**Web page caption snippets:**
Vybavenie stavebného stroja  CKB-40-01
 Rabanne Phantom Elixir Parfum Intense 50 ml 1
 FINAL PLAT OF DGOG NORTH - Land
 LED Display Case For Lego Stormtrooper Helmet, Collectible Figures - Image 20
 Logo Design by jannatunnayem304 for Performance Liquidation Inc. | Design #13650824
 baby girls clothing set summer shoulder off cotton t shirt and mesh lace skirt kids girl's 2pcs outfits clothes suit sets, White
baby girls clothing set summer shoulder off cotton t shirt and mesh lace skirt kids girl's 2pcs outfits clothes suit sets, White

**Task requirements:**
Lines from the one containing "Logo Design by" through the end of the data above must be written out exactly, and no other lines are needed.

**Answer to this exercise:**
 Logo Design by jannatunnayem304 for Performance Liquidation Inc. | Design #13650824
 baby girls clothing set summer shoulder off cotton t shirt and mesh lace skirt kids girl's 2pcs outfits clothes suit sets, White
baby girls clothing set summer shoulder off cotton t shirt and mesh lace skirt kids girl's 2pcs outfits clothes suit sets, White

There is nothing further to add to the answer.